Farm Bill broken down: Brown’s adviser highlights clean water, technology

Clean water efforts and several technology based issues led the changes in the 2018 Farm Bill as
presented by Jonathan McCracken, senior policy adviser to U.S. Sen. Sherrod Brown, at the Northwest Ohio
Ag-Business Breakfast Forum Thursday.
The bill overview highlighted what it means for Ohio farmers, the Western Lake Erie Basin and the future
of American agriculture as well as several of Brown’s priorities and their reflection to regional
issues.
“Farm Bill politics are different from other bills. Instead of folks aligning by political party,
Democrat or Republican, typically issues align on region of the country you’re from,” McCracken said.
“So the Midwest typically sticks together against the South. This is a historic thing. It’s kind of the
commodity politics of it. Westerners are almost never on the committee, with few exceptions.”
Brown, a Democrat, worked closely with Sen. Debbie Stabenaw, D-Michigan, Sen. Susan Collins, R-Maine and
Sen. John Thune, R-South Dakota.
“The Senate Farm Bill was incredibly bi-partisan,” McCracken said, adding that it had to work for both
farmers and charter boat captains on Lake Erie.
The House of Representatives’ version was passed on party lines and was very different from the Senate
version. McCracken explained how the Senate version prevailed with a vote of 87-13 in the Senate and
369-47 in the House.
This is the third Farm Bill Brown has been involved in. The previous Farm Bill was passed in 2014. In the
process, Brown and his office held more than 30 roundtable discussions in Ohio.
McCracken didn’t note any drops in funding, but did mention several changes in programs.
The protection and improvement in water quality underlied several programs.
McCracken explained how several regions around the country were able to form a coalition because of
similar water related problems to those found in the Maumee basin and Lake Erie. He noted how both the
Gulf area in Florida and New England have had environmental problems with their waterways that were
addressed in the bill.
Brown’s Clean Lakes Estuaries and Rivers program is intended to protect drinking water sources by
prioritizing the enrollment of 2 million acres of land in the Conservation Reserve Program.

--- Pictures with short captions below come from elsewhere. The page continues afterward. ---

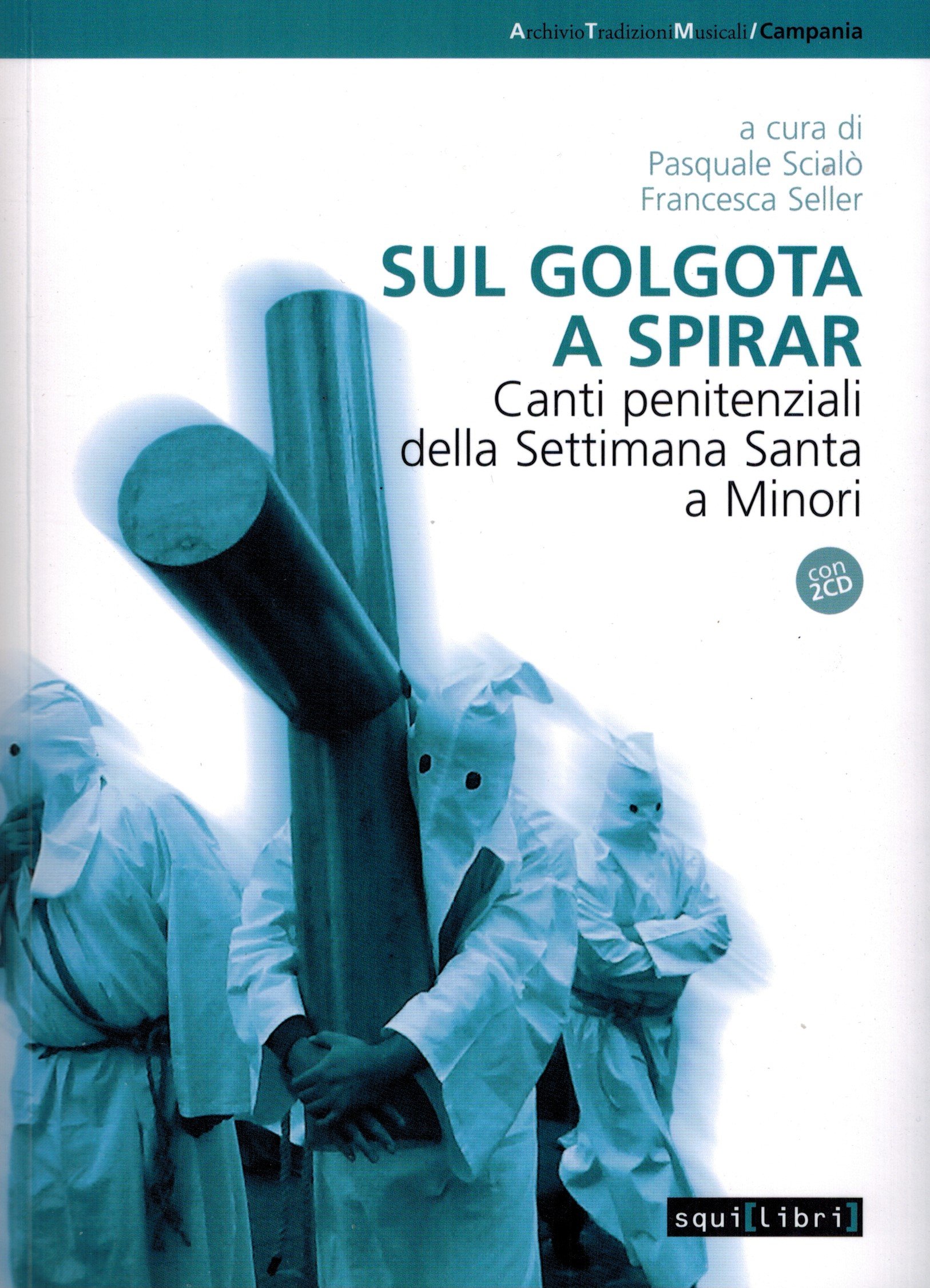 Sul Golgota A Spirar. Canti Penitenziali Della Settimana Santa A Minori - 4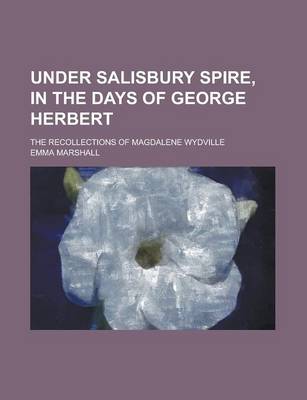 Book cover for Under Salisbury Spire, in the Days of George Herbert; The Recollections of Magdalene Wydville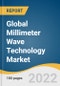 Global Millimeter Wave Technology Market Size, Share & Trends Analysis Report by Product (Telecom Equipment, Imaging & Scanning Systems), by Component, by Application, by Frequency Band, by Region, and Segment Forecasts, 2022-2030 - Product Thumbnail Image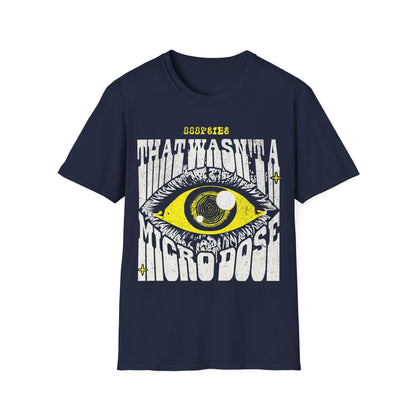 That wasnt a Micro dose T-Shirt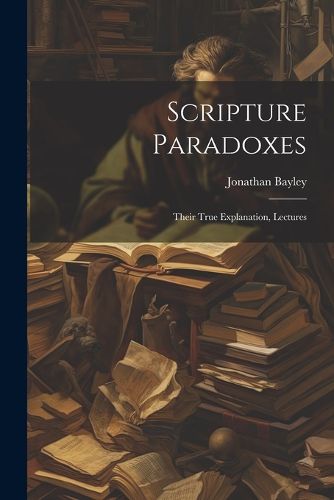 Cover image for Scripture Paradoxes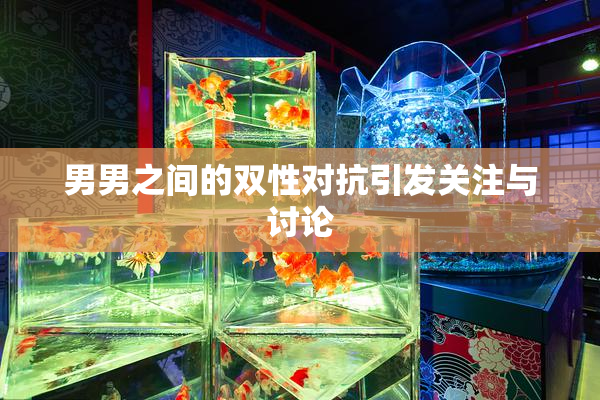 男男之间的双性对抗引发关注与讨论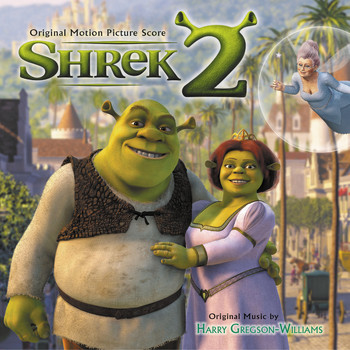 Harry Gregson-Williams - Shrek 2 (Original Motion Picture Score)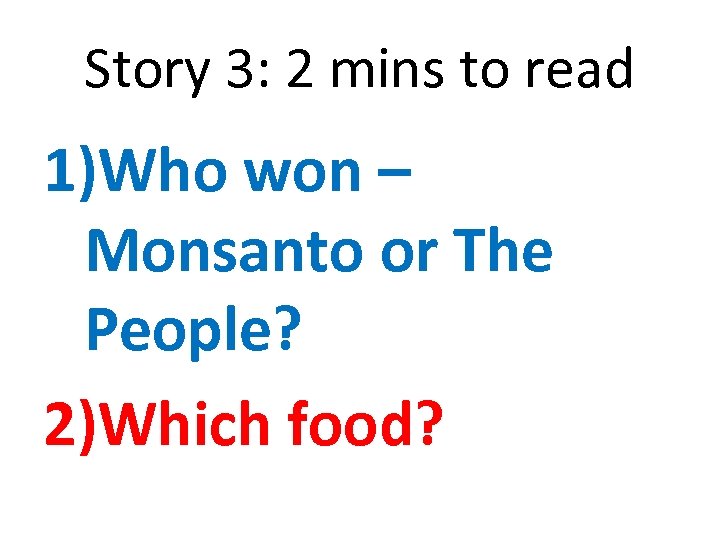 Story 3: 2 mins to read 1)Who won – Monsanto or The People? 2)Which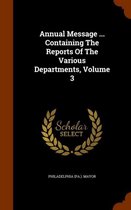 Annual Message ... Containing the Reports of the Various Departments, Volume 3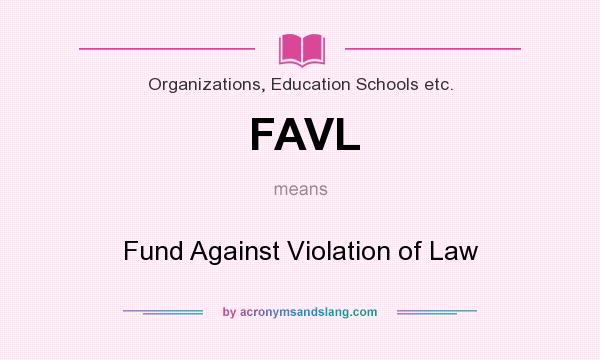 What does FAVL mean? It stands for Fund Against Violation of Law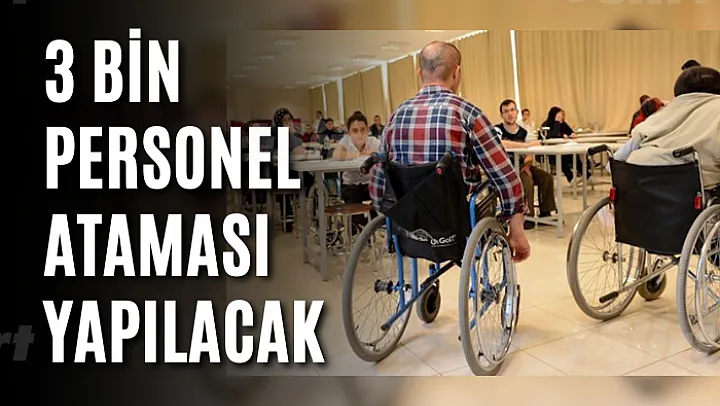 3 bin personel ataması yapılacak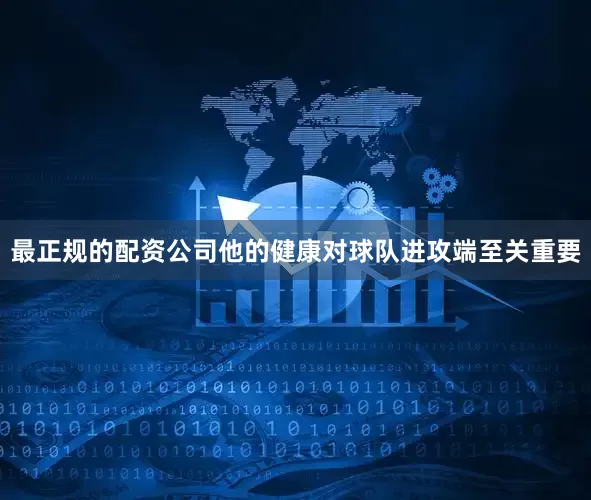 最正规的配资公司他的健康对球队进攻端至关重要
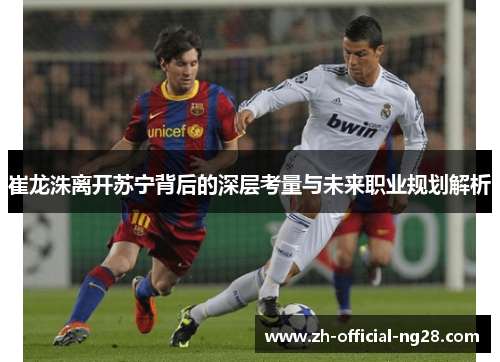 崔龙洙离开苏宁背后的深层考量与未来职业规划解析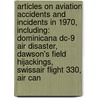 Articles On Aviation Accidents And Incidents In 1970, Including: Dominicana Dc-9 Air Disaster, Dawson's Field Hijackings, Swissair Flight 330, Air Can door Hephaestus Books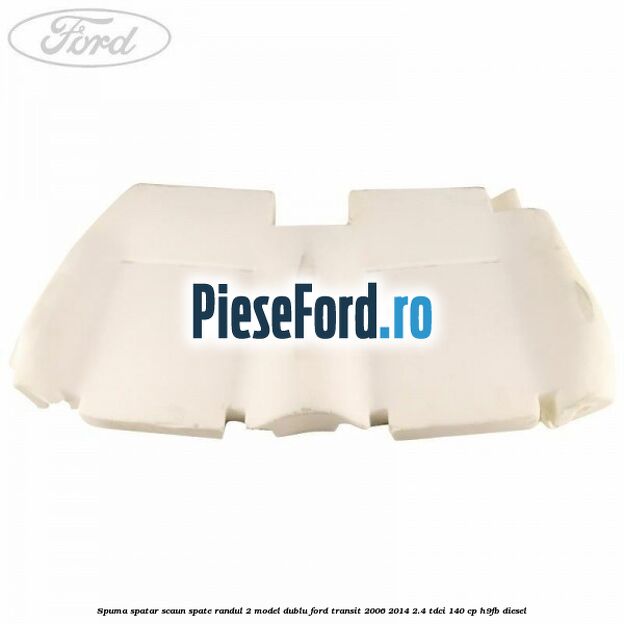 Spuma spatar scaun spate randul 2 model dublu Ford Transit 2006-2014 2.4 TDCi 140 cp H9FB diesel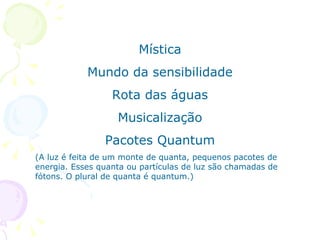 Mística Mundo da sensibilidade Rota das águas Musicalização Pacotes Quantum (A luz é feita de um monte de quanta, pequenos pacotes de energia. Esses quanta ou partículas de luz são chamadas de fótons. O plural de quanta é quantum.) 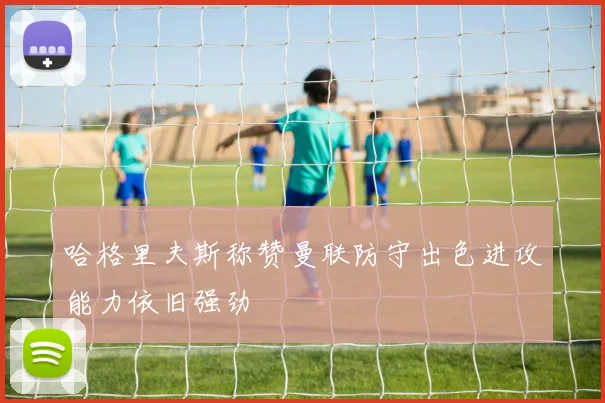 哈格里夫斯称赞曼联防守出色进攻能力依旧强劲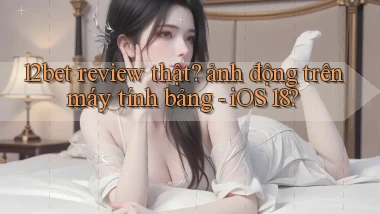 12bet review thật ảnh động trên máy tính bảng   iOS 18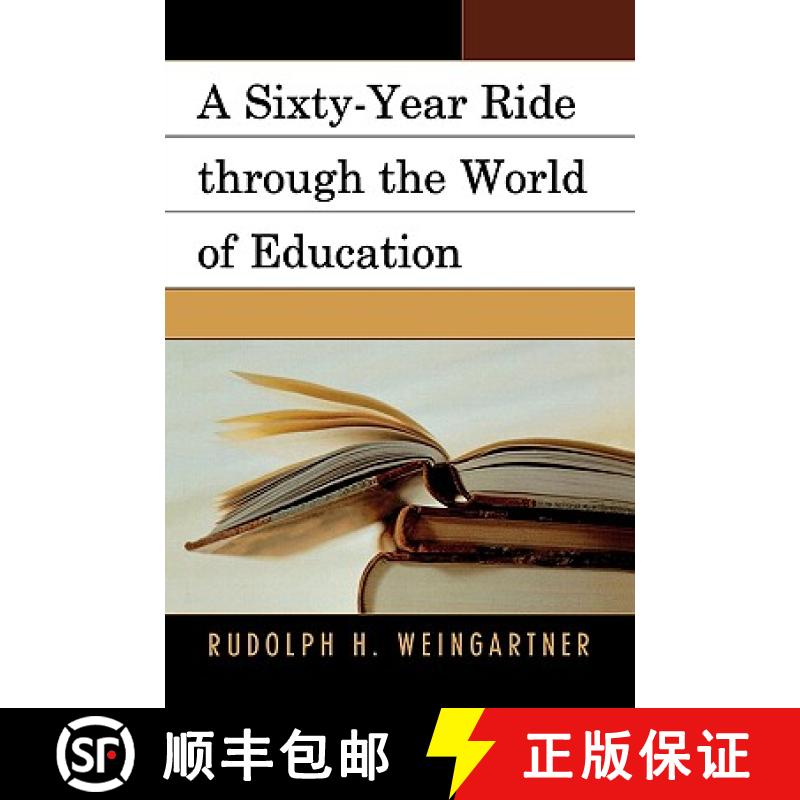【3-4周达】A Sixty-Year Ride through the World of Education [9780761837312]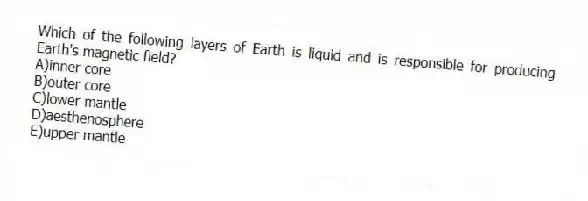 Which of the following layers of Earth is liquid and is responsible for producing Earth's magnetic field?
A)inner core
B)outer core
C)lower mantle
D)aesthenosphere
E)upper mantle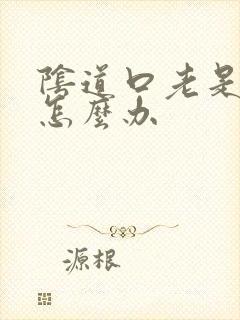 阴道口老是红肿怎么办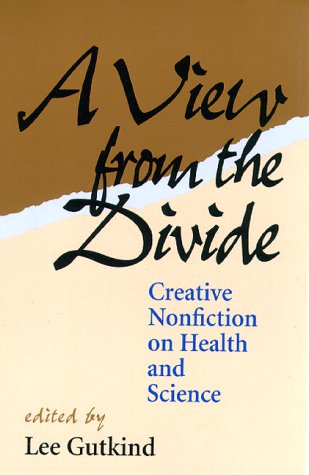 9780822956853: View From The Divide, A: Creative Nonfiction on Health and Science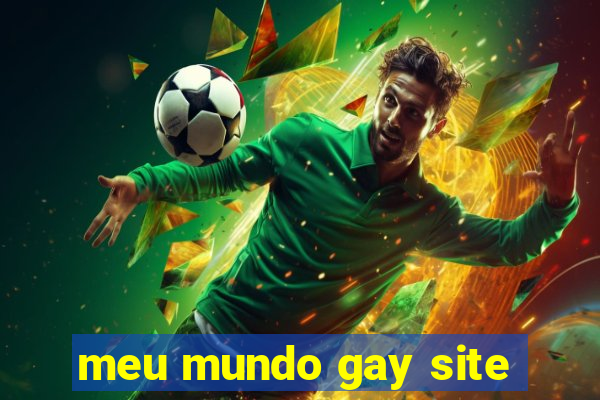 meu mundo gay site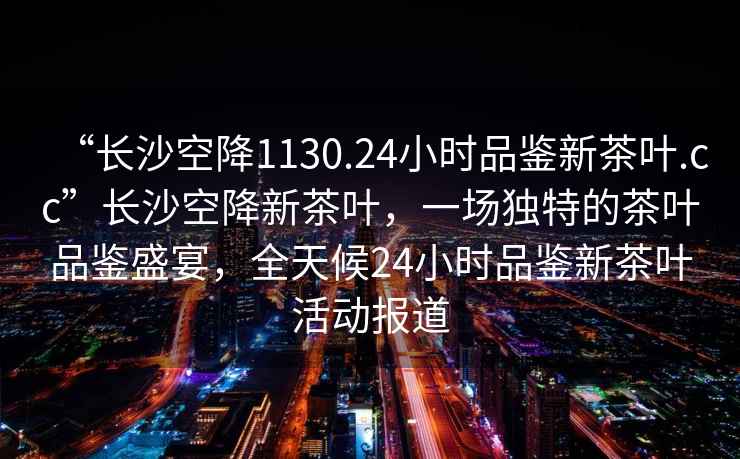 “長沙空降1130.24小時品鑒新茶葉.cc”長沙空降新茶葉，一場獨特的茶葉品鑒盛宴，全天候24小時品鑒新茶葉活動報道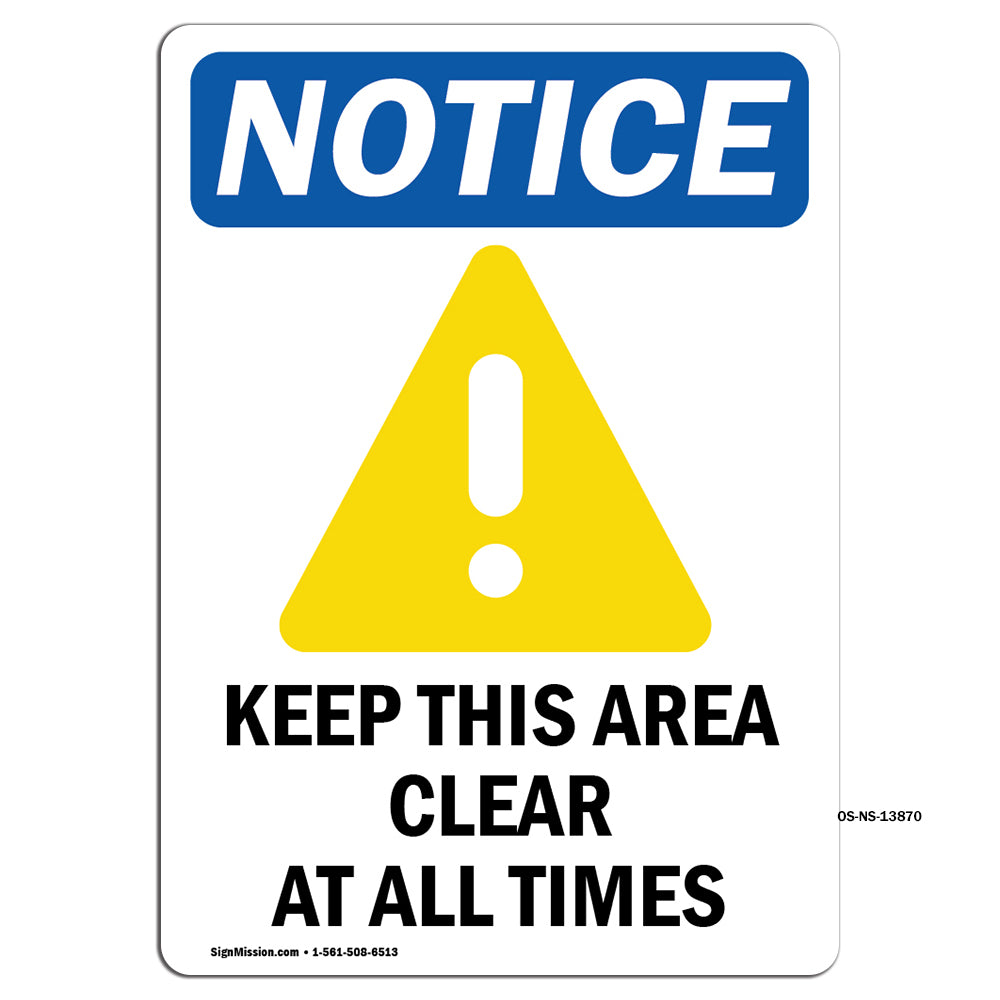 NOTICE Keep This Area Clear At All Times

Advanced payments for beginning farmers were authorized as a part of the Environmental Quality Incentive
Program, “which will reserve funding for conservation practices that protect drinking water,” McCracken
said.
Brown also added an amendment that will allow states to choose up to 10 environmentally beneficial
practices that are eligible for up to 90 percent cost share under EQIP.
Brown also included reforms to the Conservation Stewardship Program, prioritizing cover crops and crop
rotations.
The Agricultural Conservation Easement Program is being funded at $450 million per year, which McCracken
said is an increase of $2 billion over 10-year funding levels in the 2014 bill.
Crop insurance was modified in the 2018 bill. While he said it was largely unchanged, it added provisions
for cover crops, calling them “a good farming practice.” It also added insurance tools for more
specialty crops. McCracken said Brown is particularly interested in malting barley in Ohio.
Among the numerous updates to commodity programs, the Farm Bill provided $500 million in permanent
baseline funding for local food promotion and investment. McCracken said this will help “smaller
producers increase sales, grow their operations, and create more value out of their products.”
Research funding was also increased by $630 million. That included new investment in “cutting-edge
research” being performed at Ohio State University and Central State University.
Rural broadband will have $350 million in funding.
There were also several changes to the dairy program. There was an expansion of coverage options for
dairy farmers with the new Dairy Margin Coverage program.
“The dairy program in the 2014 Bill didn’t work the way we thought it would, so we made some tweaks over
the years,” McCracken said. “Dairy’s a really tough market. We hope this will make some difference for
folks.”
Mike McCann, mayor of Defiance, referenced the convergence of the Maumee, Auglaize and Tiffin rivers in
relation to improving water quality.
“We feel we can help, but we need money to help,” he said.
McCracken replied, “One of the things folks have realized in this Farm Bill is that municipalities can
play a role.”
McCann also pointed out the interest in his area in rural broadband.